KF results as the prior mean and standard deviation are varied for N = 3 replicates simulated at (a) low (b) medium and (c) high noise levels under log-normal noise model.
The horizontal axis represents an increase in the prior standard deviation, σm,0. The vertical axis represents the offset, μoffset, which was added to the ground truth log reactivity to define the prior mean. The value of each bin is the RMS error calculated over all nucleotides in our database between the ground truth and Kalman filtered reactivities. Error calculations were carried out in the log domain and the ground truth values were the log reactivities. See Methods for RMS calculation details.
Fig 7.
Kalman filtering results using an inaccurate (biased) prior improves with increased uncertainty in prior.

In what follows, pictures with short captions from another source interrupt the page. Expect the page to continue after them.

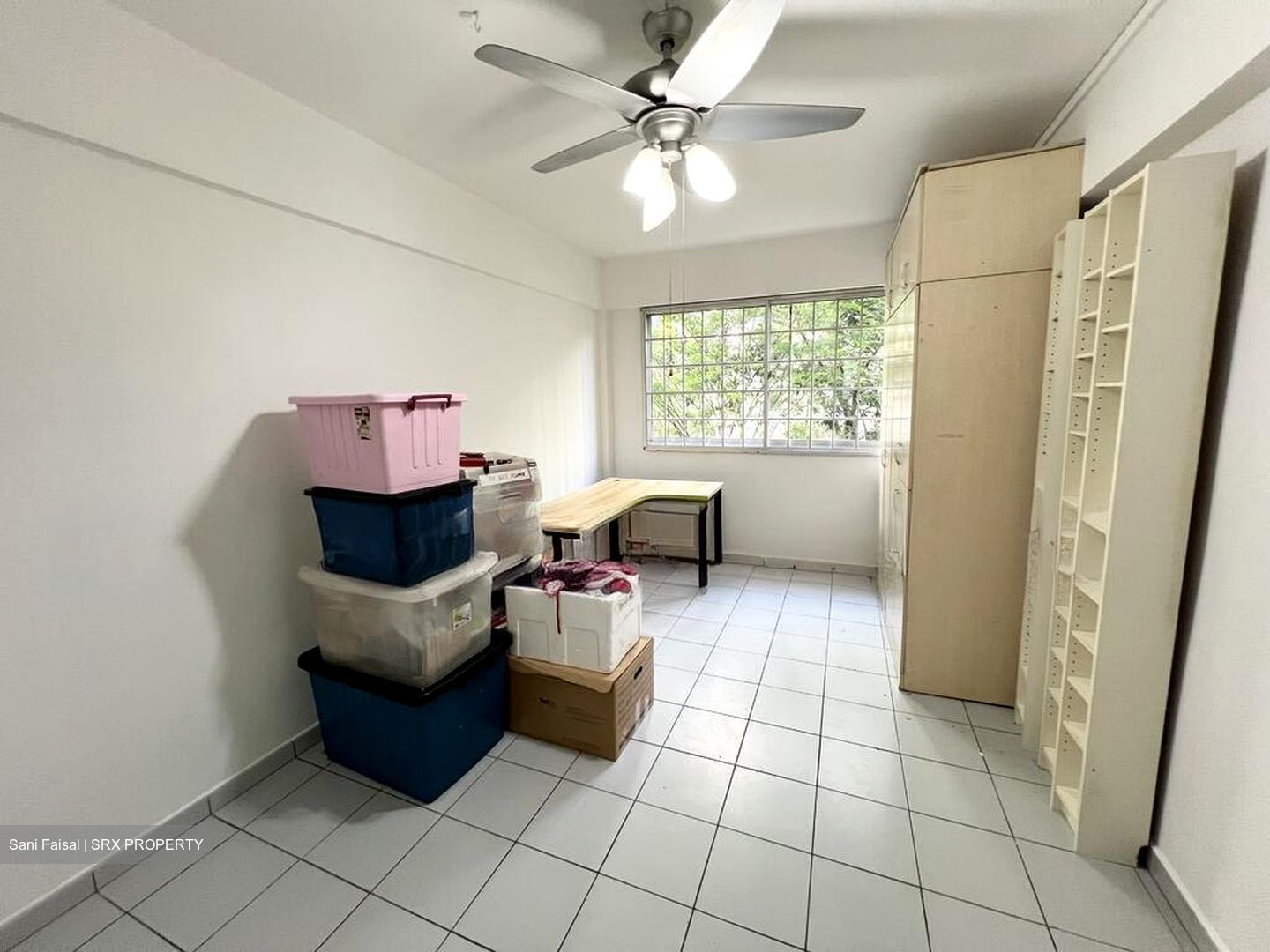 Blk 440 Yishun Avenue 11 (Yishun), HDB 4 Rooms #553853721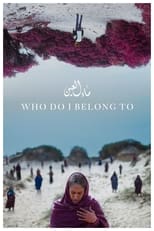 Poster for Who Do I Belong To 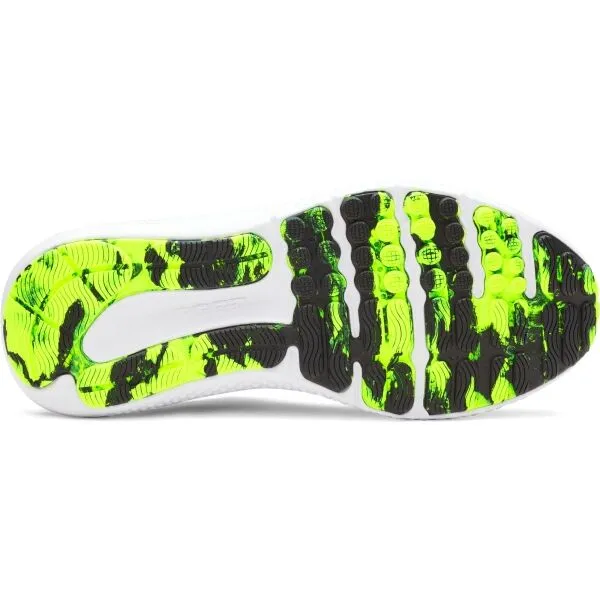 Men's shoes Under Armour Charged Surge 4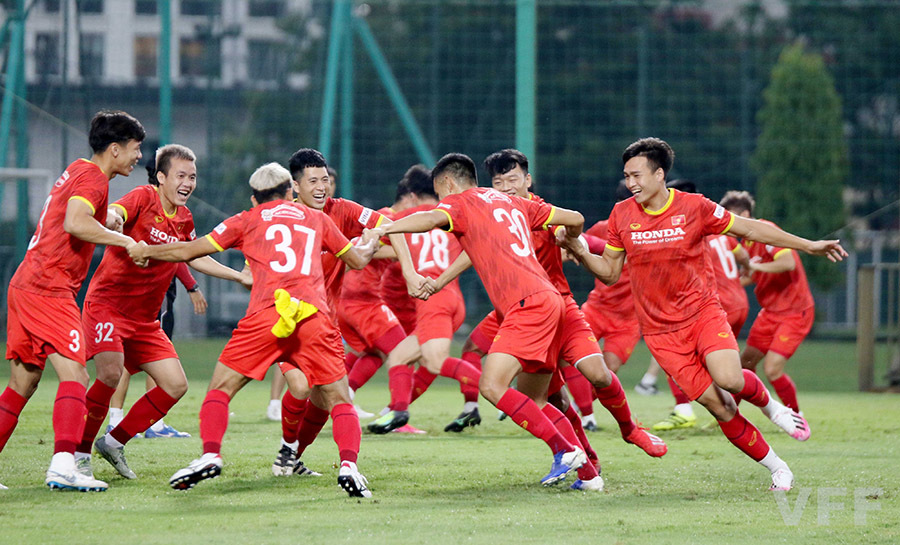 Nhận định, soi kèo Salmiya vs Kuwait SC, 22h20 ngày 9/3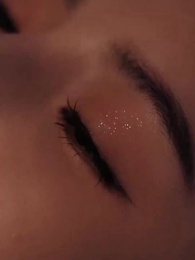 รอยรักรอยร้าว - Episode 2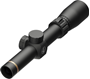 Picture of Leupold Optics, VX-Freedom Riflescopes - 1.5-4x20mm, 1", MOA-Ring, Matte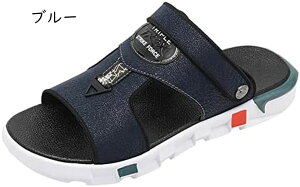 X|[cT_ Y Xbp T}[T_ oR AEghAT_ r[`T_ 񂾂 lCT_  ~߃Xj[J[ T}[Xb| ėp jpNbV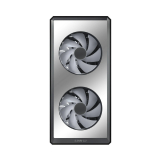 Lian Li Lian Li кутия Case ATX - LANCOOL 217 INF - Black G99.LAN217INFX.00 NEW не е зададено n/a снимка №5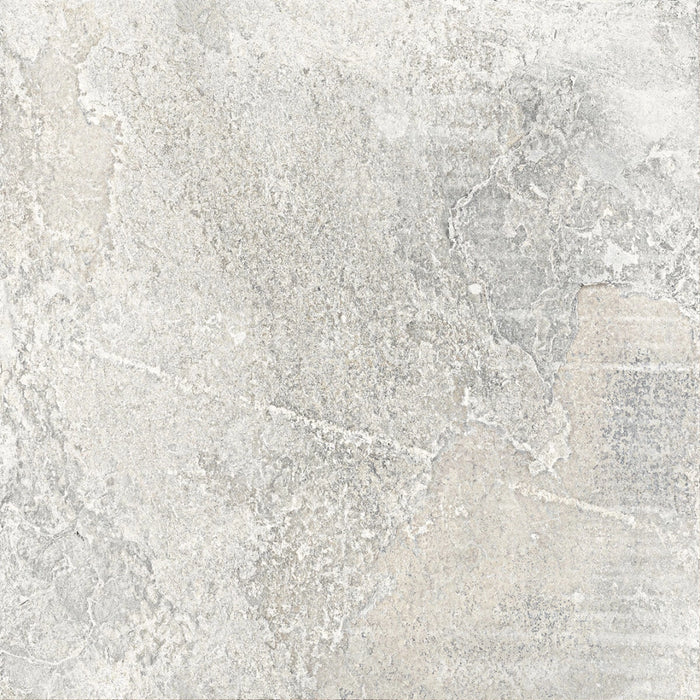 Century Ceramica, Geology - 0128213 - Mineral, Grip, 50x50cm, 10.00mm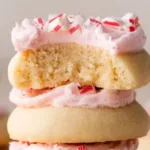 peppermint meltaway cookies 2025 12 25 195540 150x150 1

RMS errors were calculated over all nucleotides in our database. Error calculations were carried out in the log domain and the ground truth values were the log reactivities. See Methods for RMS calculation details. The prior used in the KF was biased by adding the offset μoffset = 3 to the ideal prior mean. As the standard deviation of the prior, σm,0, was increased, the filters performance improved, despite the mean offset. On the other hand, when standard deviation was close to 0, the filter is influenced by a narrow, biased prior and produced poor results.
Fig 8.
Kalman filtering results using an accurate (unbiased) prior performs comparable to log-averaging when the uncertainty is increased.
RMS errors were calculated over all nucleotides in our database. Error calculations were carried out in the log domain and the ground truth values were the log reactivity. See Methods for RMS calculation details. The prior mean was fixed to the ideal value. Its standard deviation, σm,0, was then increased. As the standard deviation increased, the more comparable the Kalman filtering’s performance was to log-averaging.
Fig 9.
RNAstructure results for profiles calculated using different processing methods.

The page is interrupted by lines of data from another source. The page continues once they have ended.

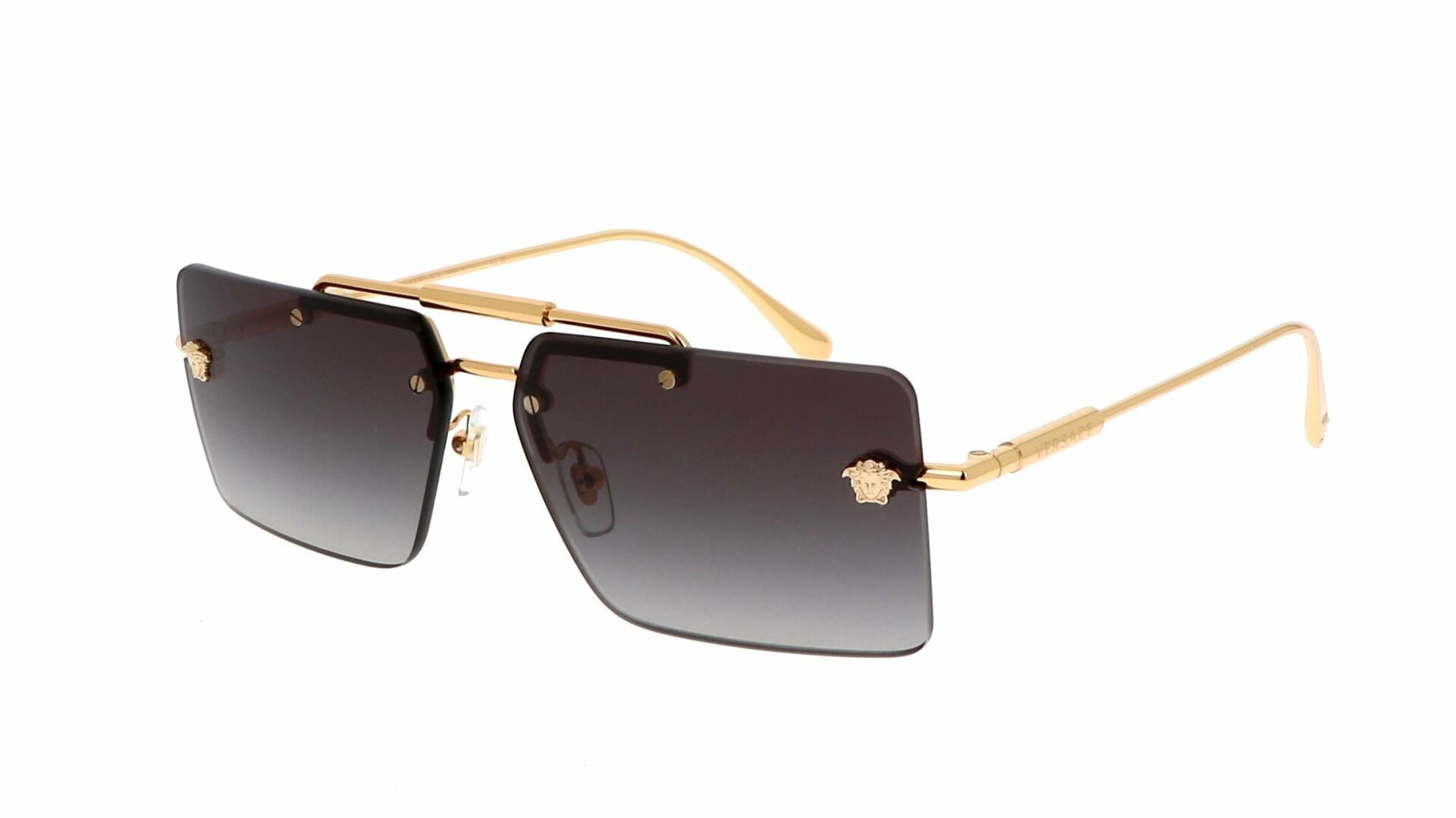 Versace Ve 2245 1002/8G Kadın Güneş Gözlüğü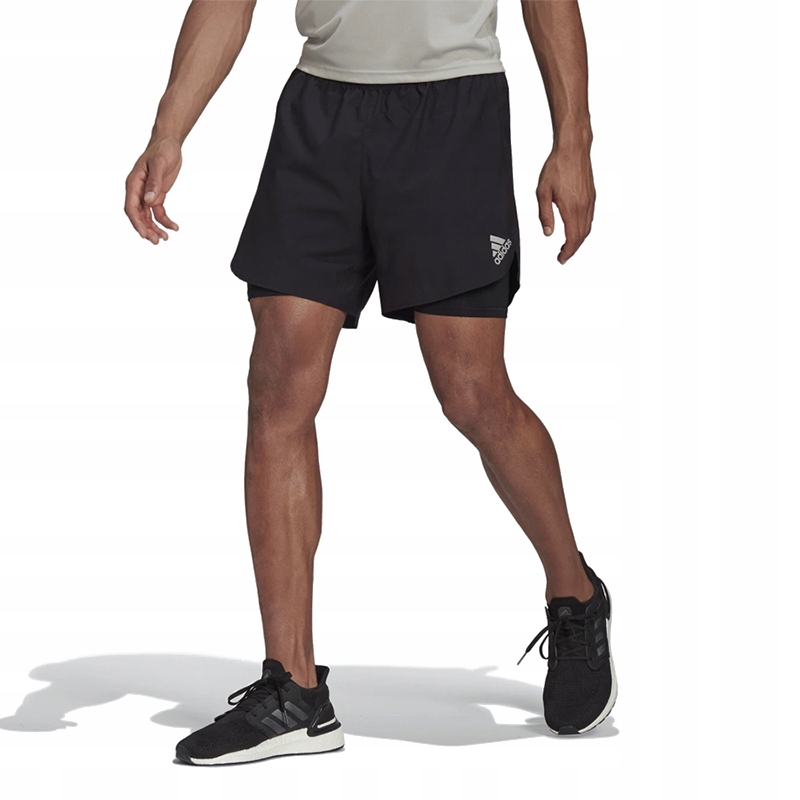 Kraťasy adidas GN5706 vel. S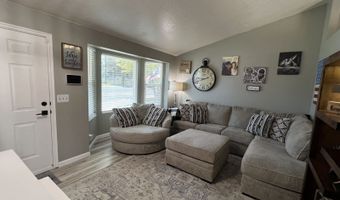2032 Sierra Dr, Elko, NV 89801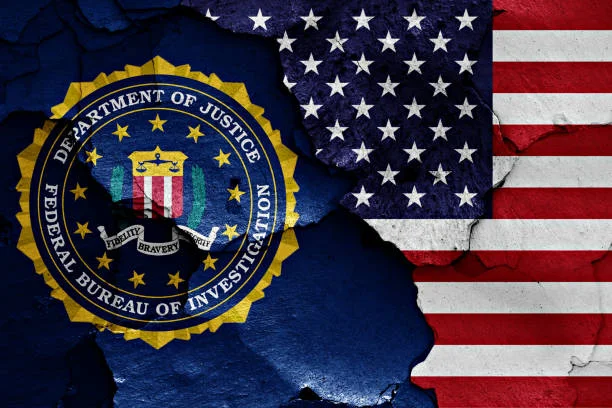 Beware of Crypto Job Scams Linked to Labor Trafficking, FBI Warns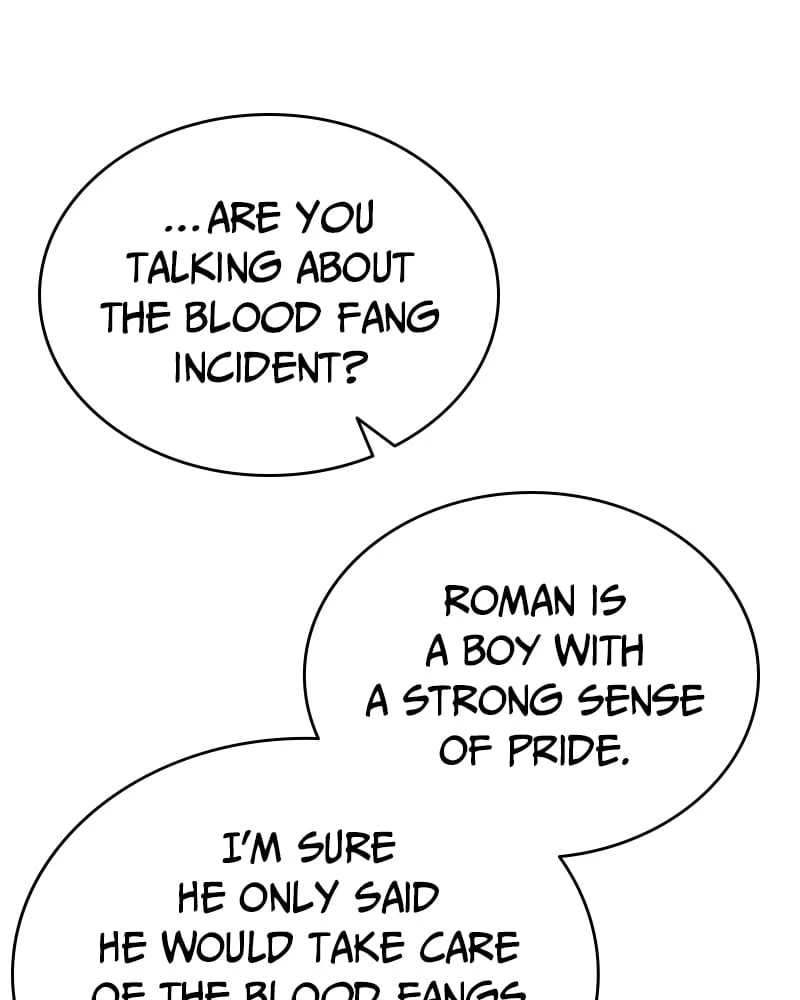 Descended from Divinity Chapter 3 - 55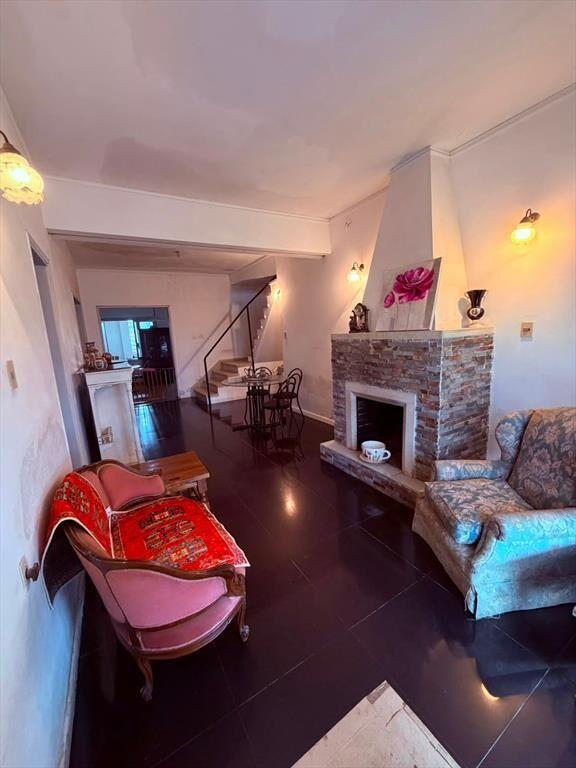 Casa en venta Las Piedras, 3 dormitorios 2 baños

3 replicates simulated at (a) low (b) medium and (c) high noise regimes. MCC differences are plotted compared to the baseline calculated in SET0. An MCC difference of 0 indicates that when the processed profile was used as input to the RNAstructure software, the resulting predicted structure had the same accuracy as the one predicted using the ground truth profile as input. A positive MCC difference indicate that when the processed profile was input to to the RNAstructure software, the resulting predicted structure was less accurate than the one predicted using the ground truth profile as input. Note that the scale of the MCC differences vary between noise regimes. RNAs are ordered by length. See Table 1 of Methods for corresponding sequence names and lengths. Error bars represents standard errors over 10 repeated runs of replicate simulations.
Fig 10.
Comparison of mean-dependence in the standard deviation of (a) real and (b) simulated SHAPE measurements.

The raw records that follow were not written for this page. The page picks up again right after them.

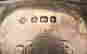 item-128084228=3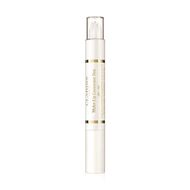 faces make up corrector pen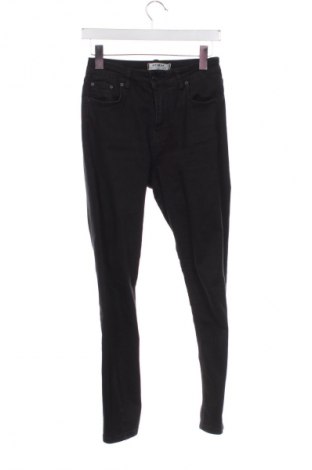 Damskie jeansy Unbranded, Rozmiar XS, Kolor Szary, Cena 66,39 zł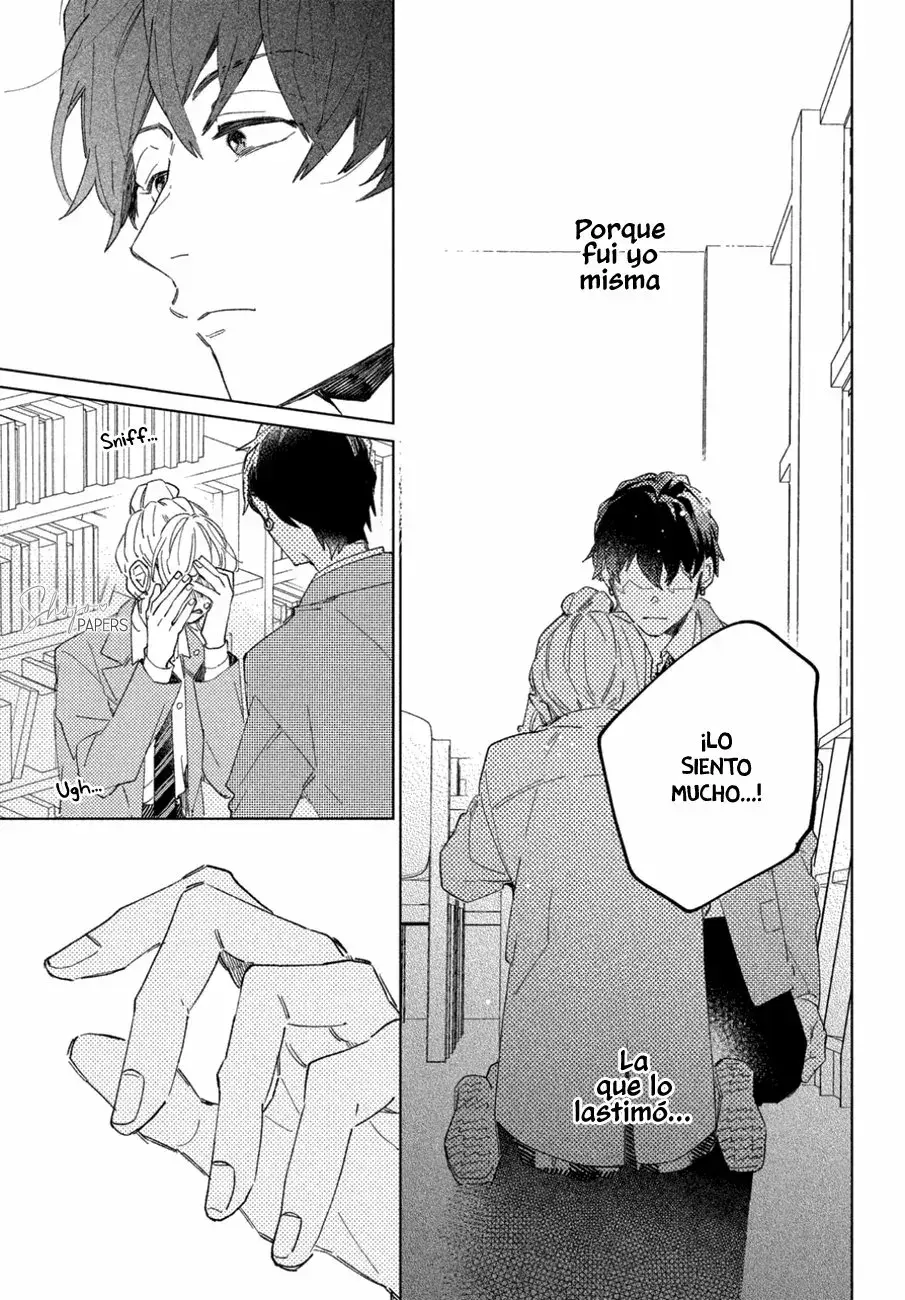Capitulo 1 page 54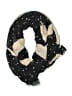 Unbranded Black Scarf One size - photo 1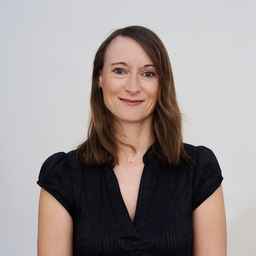 Barbara Zöchbauer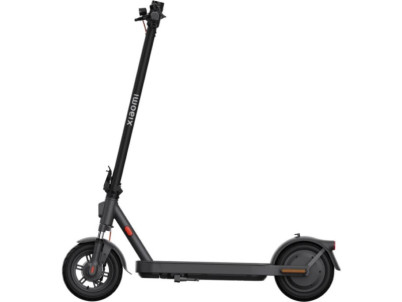 XIAOMI Electric Scooter Elite GL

For each nucleotide, the mean value of the 5 measurements (real and simulated) were calculated and plotted against their standard deviation on a log-log plot. A linear fit is overlaid in red for each. The left panel is a recreation of Fig 1 for comparison. The right panel consists of data coming from simulated replicates for the same RNA. The ground truth reactivity used the in replicate simulation was the average measurement per nucleotide coming from the real replicates. For the simulated replicates, noise levels were between σmin = 0 and σmax = 1.5. Note that negative reactivity values in the real data are not included as they are incompatible with the log-log plot.